Wednesday, July 22, 2009

Robo-Ethicists Want to Revamp Asimov’s 3 Laws

From Wired News, a new look at Artificial Intelligence by "robo-ethicists.":

Two years ago, a military robot used in the South African army killed nine soldiers after a malfunction. Earlier this year, a Swedish factory was fined after a robot machine injured one of the workers (though part of the blame was assigned to the worker). Robots have been found guilty of other smaller offenses such as an incorrectly responding to a request.

So how do you prevent problems like this from happening? Stop making psychopathic robots, say robot experts.

“If you build artificial intelligence but don’t think about its moral sense or create a conscious sense that feels regret for doing something wrong, then technically it is a psychopath,” says Josh Hall, a scientist who wrote the book Beyond AI: Creating the Conscience of a Machine.

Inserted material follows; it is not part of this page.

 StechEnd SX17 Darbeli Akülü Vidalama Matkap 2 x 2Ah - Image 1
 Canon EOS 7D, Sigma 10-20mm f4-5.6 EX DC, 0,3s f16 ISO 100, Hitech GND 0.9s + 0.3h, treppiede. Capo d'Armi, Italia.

For years, science fiction author Issac Asimov’s Three Laws of Robotics were regarded as sufficient for robotics enthusiasts. The laws, as first laid out in the short story “Runaround,” were simple: A robot may not injure a human being or allow one to come to harm; a robot must obey orders given by human beings; and a robot must protect its own existence. Each of the laws takes precedence over the ones following it, so that under Asimov’s rules, a robot cannot be ordered to kill a human, and it must obey orders even if that would result in its own destruction.